MLE

Some distributions:

  • Binomial: How many of the next 12 people will be wearing Skyhawk apparel if the probability of any one person wearing Skyhawk apparel is \( p=0.15? \) (a discrete counting distribution)
  • Geometric: How many people will I need to pass before I see someone wearing Skyhawk apparel if the probability of any one person wearing Skyhawk apparel is \( p=0.15? \) (a discrete waiting distribution)
  • Exponential: How long will I have to wait until the next earthquake? (a continuous waiting distribution)
  • Gamma: generalization of exponential
  • Uniform: It could happen anytime in the next 3 hours with equal probability. (A continuous distribution)

A problem:

Katie has \( N \) keys in her purse of which one opens the door to her house. When she arrives home at the end of a long day, she puts her hand into her purse, randomly grabs a key, and tries to unlock the door. If she fails, she puts the key back into her purse and then randomly draws another key. Suppose over the course of 5 days, she manages to unlock her front door on the 8th, 12th, 7th, 6th, and 12th attempts. (Assume the keys are similar, so each has the same chance to be picked.)

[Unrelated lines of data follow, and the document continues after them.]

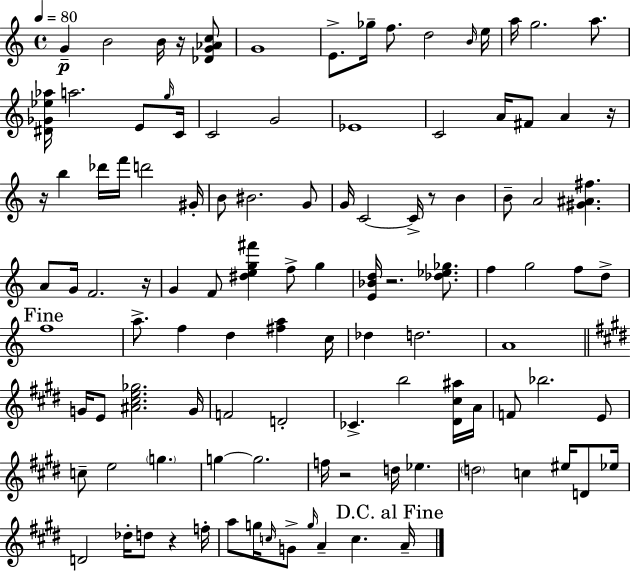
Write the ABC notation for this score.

X:1
T:Untitled
M:4/4
L:1/4
K:C
G B2 B/4 z/4 [_DG_Ac]/2 G4 E/2 _g/4 f/2 d2 B/4 e/4 a/4 g2 a/2 [^D_G_e_a]/4 a2 E/2 g/4 C/4 C2 G2 _E4 C2 A/4 ^F/2 A z/4 z/4 b _d'/4 f'/4 d'2 ^G/4 B/2 ^B2 G/2 G/4 C2 C/4 z/2 B B/2 A2 [^G^A^f] A/2 G/4 F2 z/4 G F/2 [^deg^f'] f/2 g [E_Bd]/4 z2 [_d_e_g]/2 f g2 f/2 d/2 f4 a/2 f d [^fa] c/4 _d d2 A4 G/4 E/2 [^A^ce_g]2 G/4 F2 D2 _C b2 [^D^c^a]/4 A/4 F/2 _b2 E/2 c/2 e2 g g g2 f/4 z2 d/4 _e d2 c ^e/4 D/2 _e/4 D2 _d/4 d/2 z f/4 a/2 g/4 c/4 G/2 g/4 A c A/4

Which distribution models this scenario?

  • For any single attempt, what is the probability of picking the right key? (Your answer isn’t a number, but an expression.)
  • If \( X \) is the random variable that gives the number of attempts to grab the right key, what is \( P(X=8) \)?
  • What is the probability of obtaining the values of \( X \) listed above: 8, 12, 7, 6, 12? (Give your best answer, this really requires a course in probability, but I bet you get it.)
  • \( p=\frac{1}{N} \)
  • \( P(X=8)=(1-p)^7\cdot p \).
  • That is seven failures, followed by one success.
  • \[ P(X=8)\cdot P(X=12) \cdot P(X=7)\cdot P(X=6) \cdot P(X=12) \]
  • That is, we multiply the probabilities: this works as long as each trial is independent of the others.
  • \( p \) is the parameter in this distribution
  • We don’t know the value of \( p \) because we don’t know \( N \).
  • We’d like to find the value of \( p \) that maximizes the probability of obtaining the observed result.
  • How? Calculus.
  • Define the function: \[ L(\theta | x_1, x_2, \dots, x_n)=P(X_1=x_1) \cdot P(X_2=x_2) \cdots P(X_n=x_n) \]
  • Think of this as a function of the parameter \( \theta \) (\( p \) for this particular example) where the \( x_i \) s are the observed values of the random variable.
  • Write down \( L(\theta|x_1, \dots x_n) \) for this example. Your function should be a function of \( p \) and the observed values should appear in your function.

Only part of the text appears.